L'exemple de la gestion de l'immigration éclairera cette discussion théorique. À la suite des grandes mutations économiques et sociales qui ont induit, à partir des années 1970, des politiques de plus en plus restrictives en matière d'entrée et de séjour des étrangers, l'ensemble des voies d'accès légal au territoire français s'est progressivement refermé. Dans le même temps, une mobilisation partisane s'est opérée, d'abord avec le Parti communiste puis avec le Front national, autour de ce qui est alors devenu « la question immigrée », autrement dit une manière de construire la présence étrangère comme problématique par rapport à l'emploi, à l'insécurité et même au sida. Cette double évolution, politique et idéologique, a eu pour effet de générer des représentations suspicieuses à l'encontre de l'autre et de justifier des pratiques de plus en plus inhospitalières à son égard. Avec l'édification de l'espace dit de Schengen au cours des années 1990, la suspicion et l'inhospitalité se sont étendues à l'Union européenne au détriment des « extra-communautaires », c'est-à-dire, pour l'essentiel, des ressortissants de pays du tiers-monde. Dans ce contexte, deux phénomènes remarquables se sont produits.
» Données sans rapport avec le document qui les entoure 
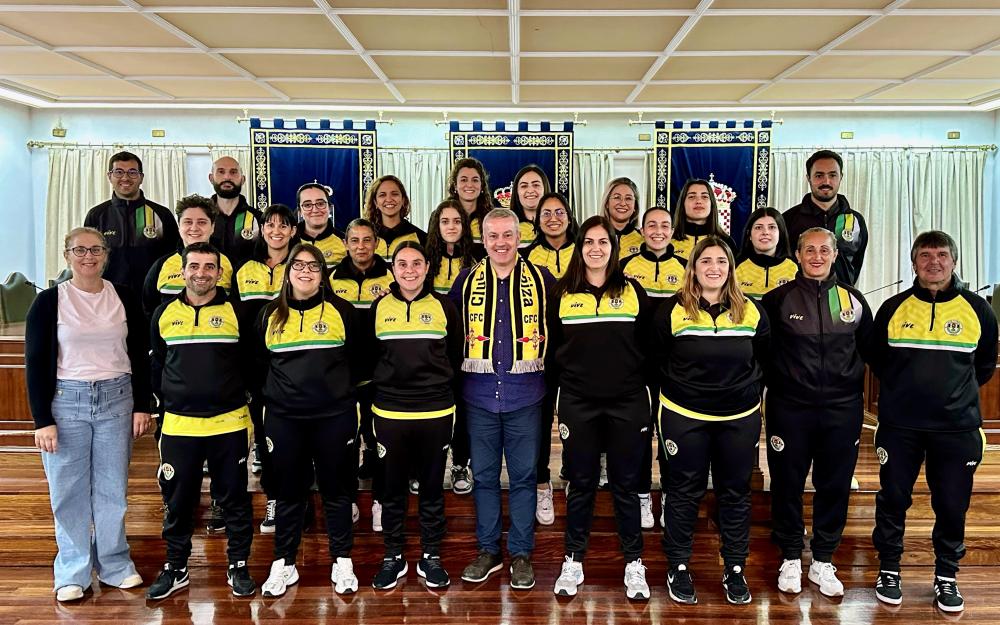 O Alcalde da Cañiza recibe ao equipo feminino do Club Fútbol Cañiza tras o seu ascenso á 2ª Liga Feminina de Galicia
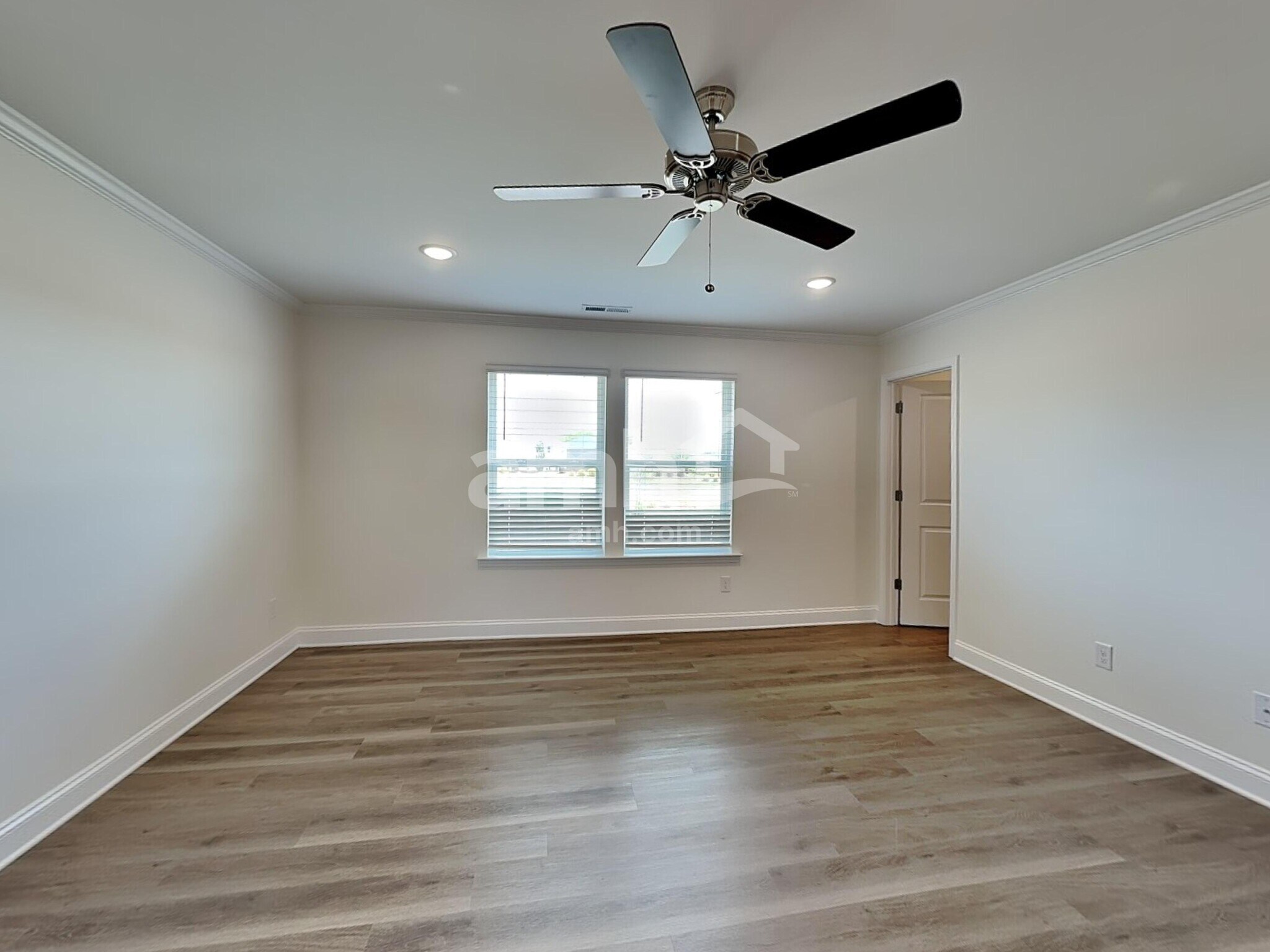 Building Photo - 3500 Lincoln Hts Ln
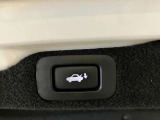 パワーバックドアがついているのでバックドアの開け閉めもボタン一つで行えます。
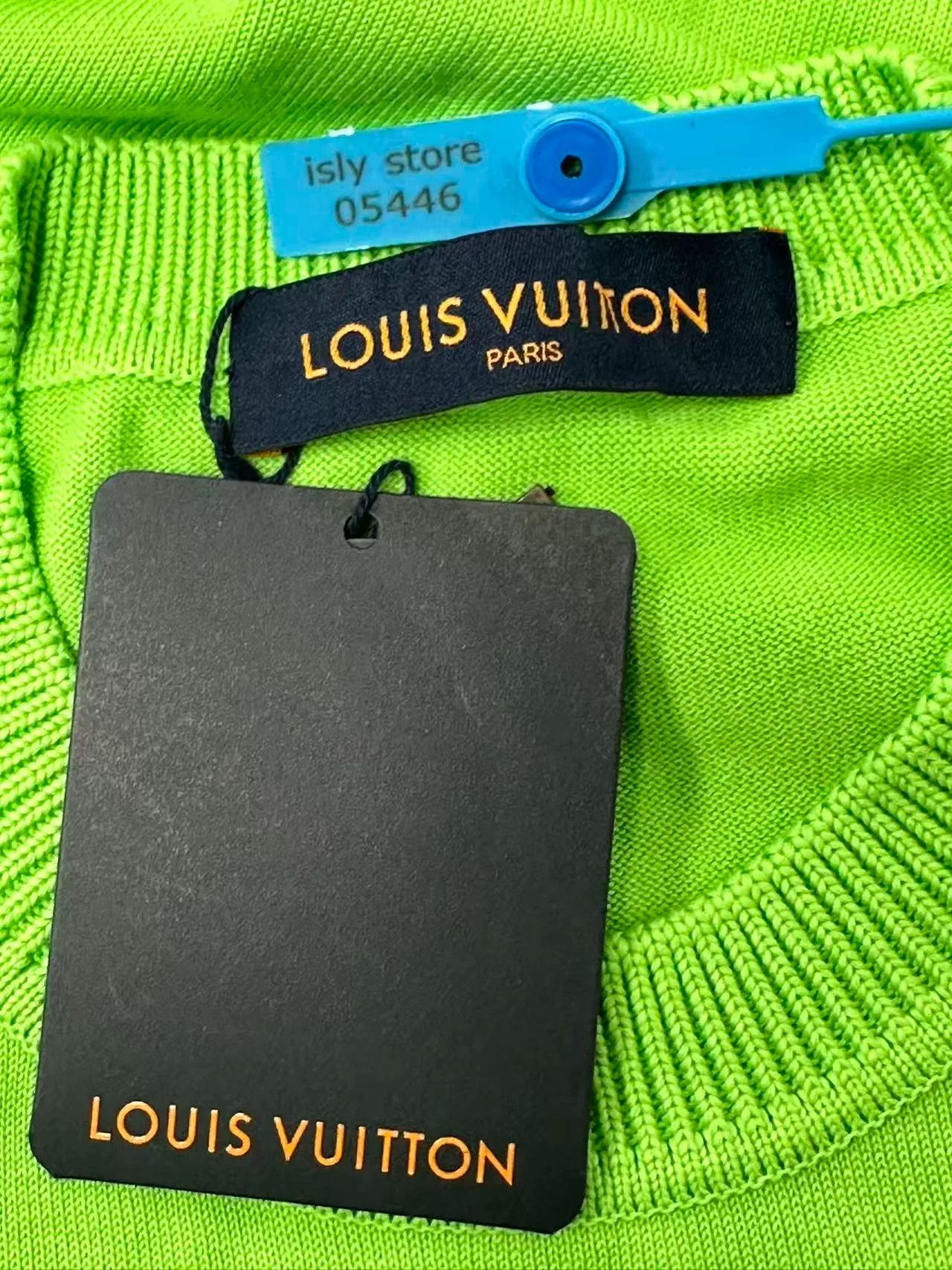 Louis Vuitton Louis Vuitton Men's Solid Round Neck T-Shirt Size US L / EU 52-54 / 3 - 4 Thumbnail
Premier phénomène : l'asile politique a connu une perte de légitimité considérable. Alors qu'au début des années 1980 il bénéficiait encore d'un crédit symbolique qui se traduisait par un niveau élevé d'avis favorables donnés aux demandeurs d'asile (environ 80% étaient reconnus comme réfugiés), il a fait l'objet d'un processus de disqualification croissant au cours de la décennie suivante (aboutissant à une proportion de reconnaissance de 12% par l'Office français de protection des réfugiés et des apatrides, qui s'élève à 18% après intervention de la Commission des recours à laquelle les déboutés peuvent s'adresser). En 10 ans, le nombre de réfugiés politiques a été divisé par six, atteignant le chiffre étonnamment faible de 2000 reconnaissances nouvelles par an (en ne comptant pas les enfants qui, lorsqu'ils atteignent la majorité, bénéficient du même statut que leurs parents). Parallèlement, une série de mesures supposées dissuasives à l'encontre des éventuels candidats futurs a eu pour effet de précariser et d'affaiblir un peu plus la condition de réfugié : en 1989, perte des aides au logement qui les oriente vers les dispositifs d'urgence et, en 1991, interdiction de travailler qui les rend dépendants de la charité publique. Loin des déclarations généreuses qui avaient entouré la signature de la Convention de Genève en 1951, la France et l'Europe considèrent de plus en plus les demandeurs d'asile comme des étrangers indésirables dont la plupart sont du reste, compte tenu du taux très faible d'accords, destinés à devenir des clandestins.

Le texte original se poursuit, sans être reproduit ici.